### PROVIDED RECORDS
-- -- --

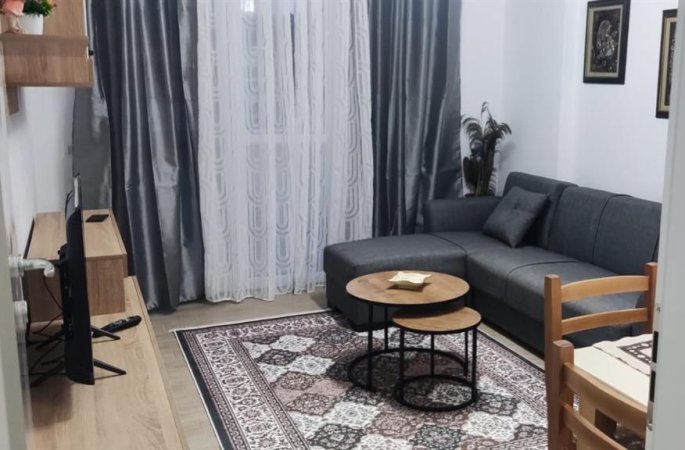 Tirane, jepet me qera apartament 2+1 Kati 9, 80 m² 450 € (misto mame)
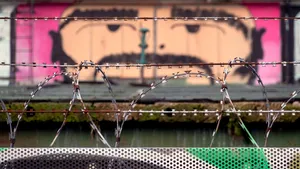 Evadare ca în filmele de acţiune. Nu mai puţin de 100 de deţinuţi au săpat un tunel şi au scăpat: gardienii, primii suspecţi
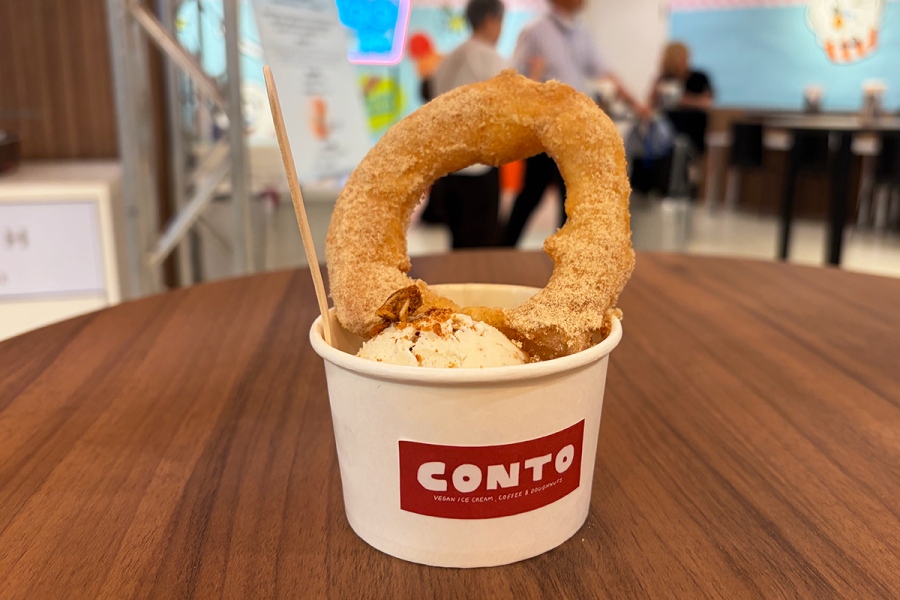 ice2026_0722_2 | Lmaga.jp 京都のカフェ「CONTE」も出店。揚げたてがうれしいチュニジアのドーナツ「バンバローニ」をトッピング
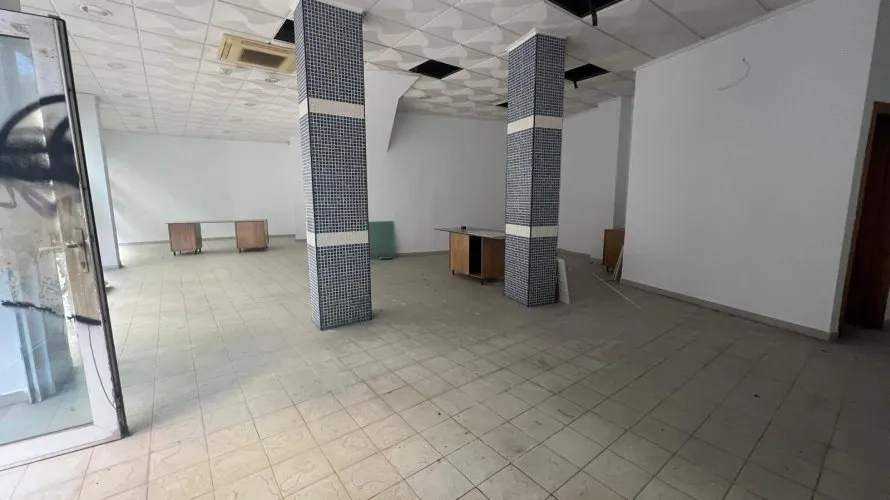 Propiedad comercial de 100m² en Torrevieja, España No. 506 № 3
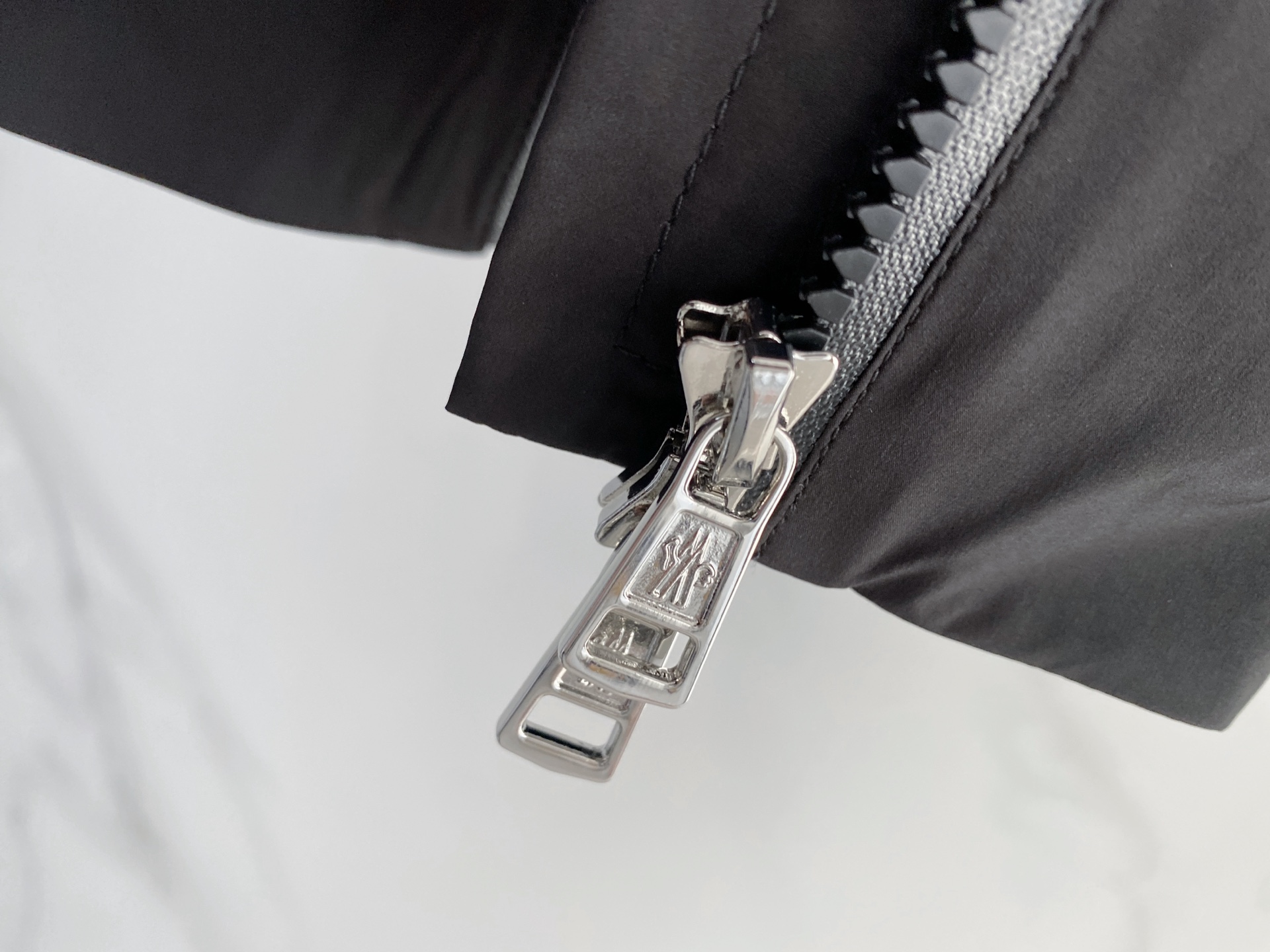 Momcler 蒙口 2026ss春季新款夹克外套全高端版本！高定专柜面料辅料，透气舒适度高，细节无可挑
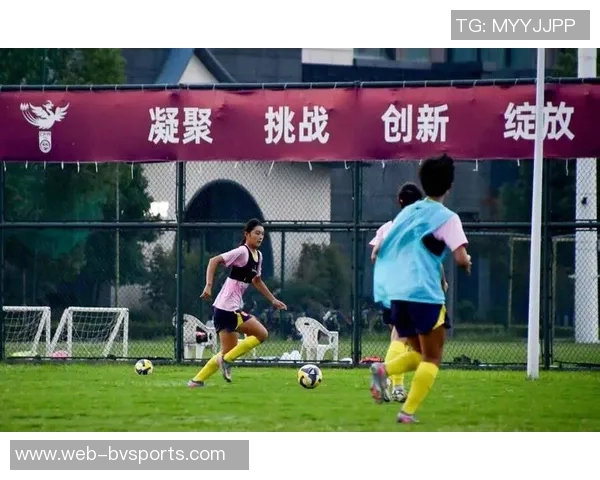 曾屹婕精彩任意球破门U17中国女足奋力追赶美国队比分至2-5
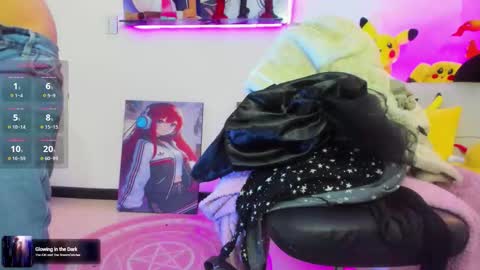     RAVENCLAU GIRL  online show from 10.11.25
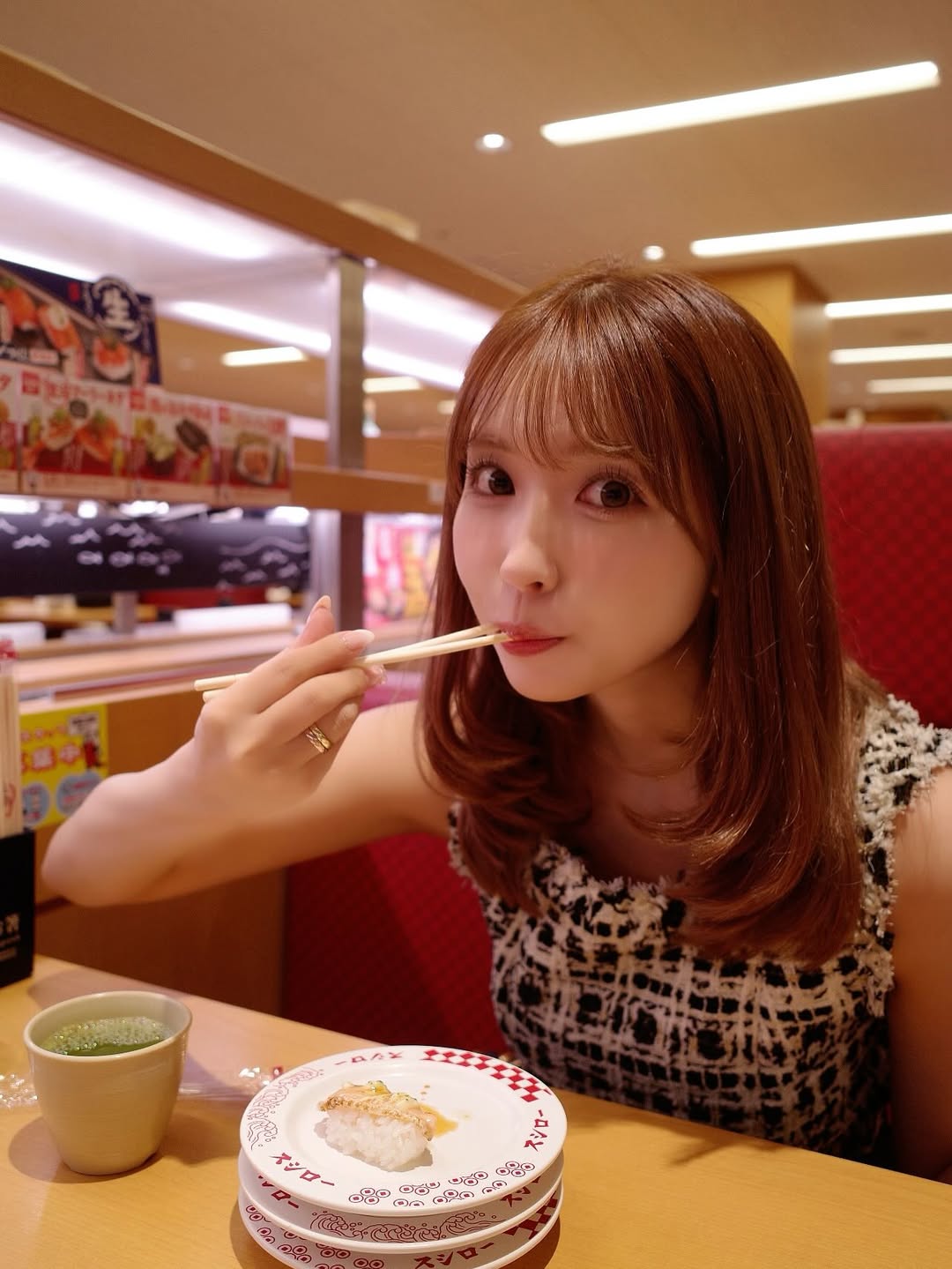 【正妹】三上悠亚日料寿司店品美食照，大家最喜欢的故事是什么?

-- -- --

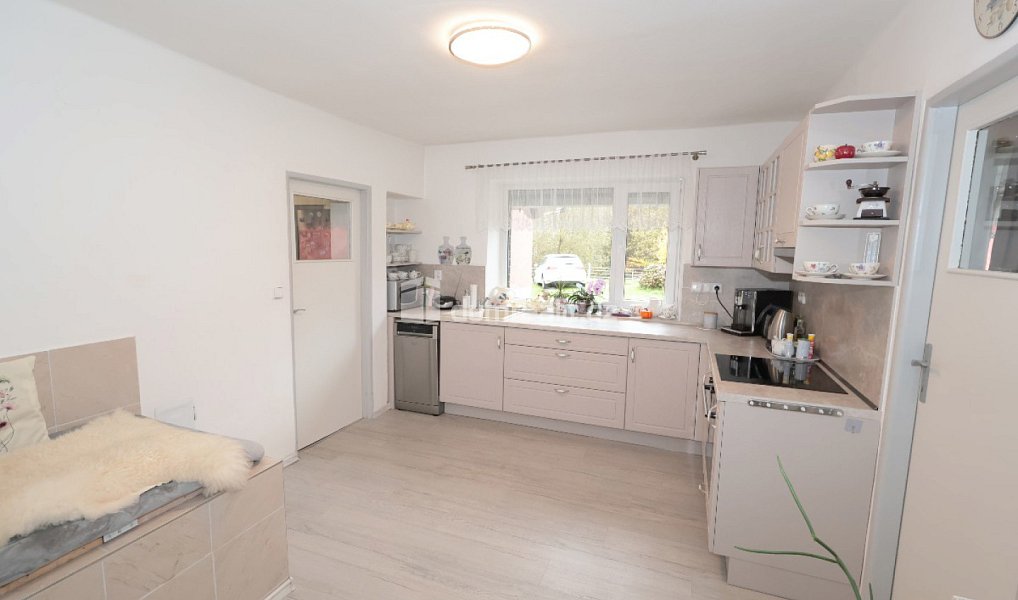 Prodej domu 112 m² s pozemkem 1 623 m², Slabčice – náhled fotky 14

-- -- --

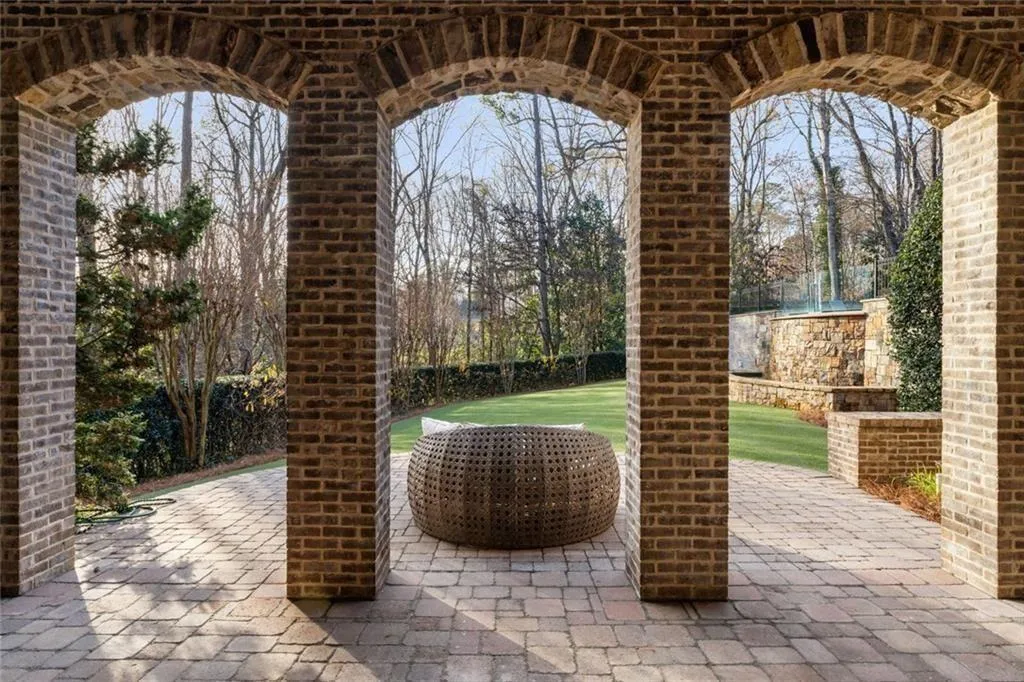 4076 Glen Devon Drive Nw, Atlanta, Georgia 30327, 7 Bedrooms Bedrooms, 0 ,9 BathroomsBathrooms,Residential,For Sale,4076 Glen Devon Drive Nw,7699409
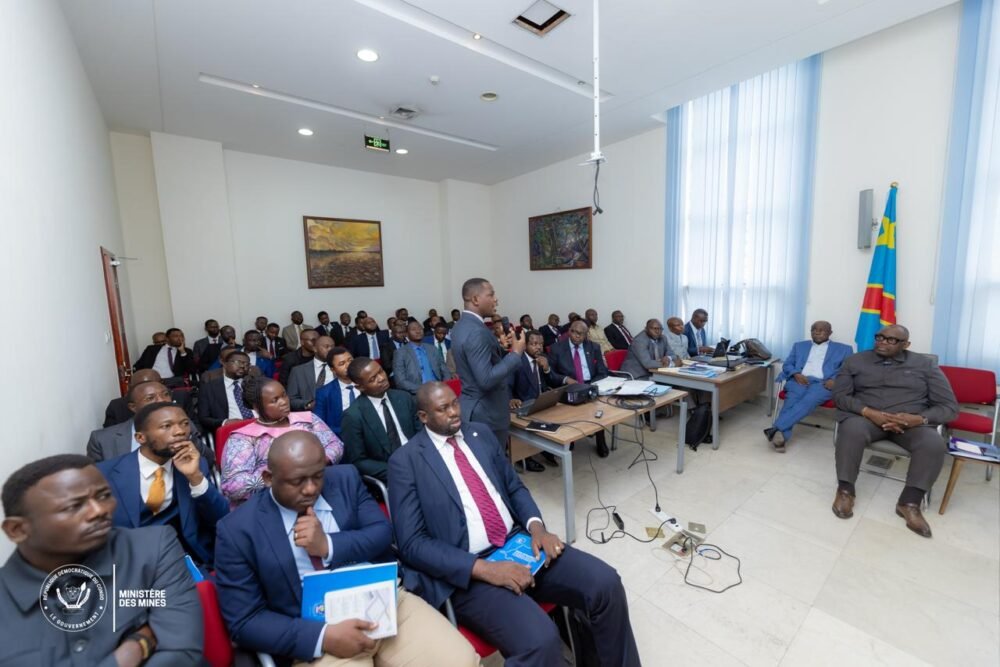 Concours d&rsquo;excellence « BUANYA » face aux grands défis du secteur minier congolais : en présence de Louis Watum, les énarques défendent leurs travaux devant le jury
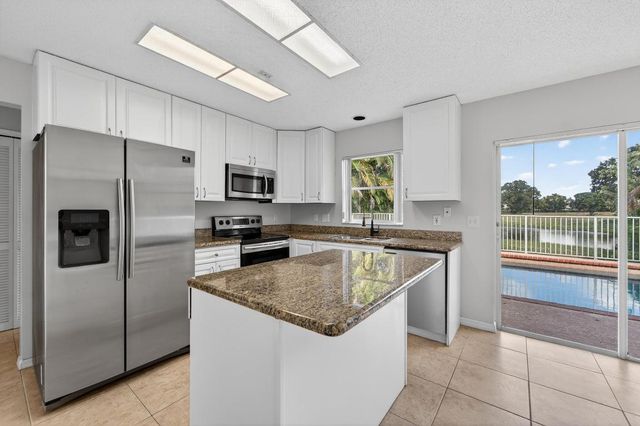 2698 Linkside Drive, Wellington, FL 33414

-- -- --

What's needed is an exact copy of the records above from the line containing "Tirane, jepet me" down to the line containing "曾屹婕精彩任意球破门U17中国女足奋力追赶美国队比分至2-5", both included, without any pictures.

 Tirane, jepet me qera apartament 2+1 Kati 9, 80 m² 450 € (misto mame)
 Evadare ca în filmele de acţiune. Nu mai puţin de 100 de deţinuţi au săpat un tunel şi au scăpat: gardienii, primii suspecţi
 ice2026_0722_2 | Lmaga.jp 京都のカフェ「CONTE」も出店。揚げたてがうれしいチュニジアのドーナツ「バンバローニ」をトッピング
 Propiedad comercial de 100m² en Torrevieja, España No. 506 № 3
 Momcler 蒙口 2026ss春季新款夹克外套全高端版本！高定专柜面料辅料，透气舒适度高，细节无可挑
 曾屹婕精彩任意球破门U17中国女足奋力追赶美国队比分至2-5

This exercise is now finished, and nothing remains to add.